■ WHAT YOU NEED TO DO:
Whenever a line in the data contains "just", show that line.

■ ENTRIES SUPPLIED:

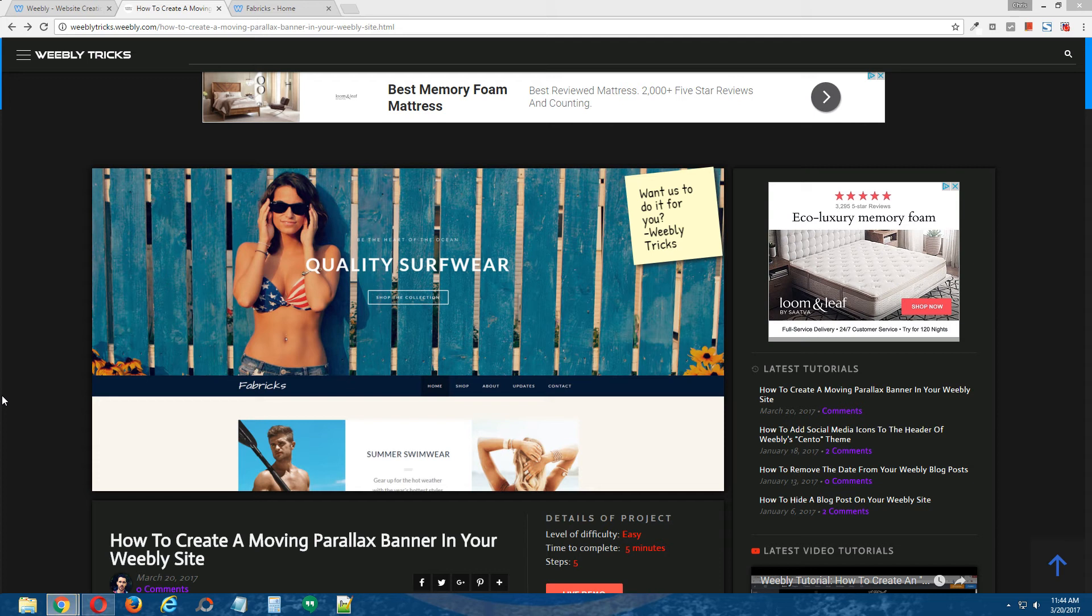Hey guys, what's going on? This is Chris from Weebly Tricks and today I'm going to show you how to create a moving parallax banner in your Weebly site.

...

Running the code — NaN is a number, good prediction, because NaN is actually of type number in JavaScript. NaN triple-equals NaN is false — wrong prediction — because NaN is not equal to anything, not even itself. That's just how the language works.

==

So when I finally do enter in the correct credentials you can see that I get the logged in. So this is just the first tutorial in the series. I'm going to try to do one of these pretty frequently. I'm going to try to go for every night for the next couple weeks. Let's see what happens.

■ OUTPUT OF THE EXERCISE:
Running the code — NaN is a number, good prediction, because NaN is actually of type number in JavaScript. NaN triple-equals NaN is false — wrong prediction — because NaN is not equal to anything, not even itself. That's just how the language works.
So when I finally do enter in the correct credentials you can see that I get the logged in. So this is just the first tutorial in the series. I'm going to try to do one of these pretty frequently. I'm going to try to go for every night for the next couple weeks. Let's see what happens.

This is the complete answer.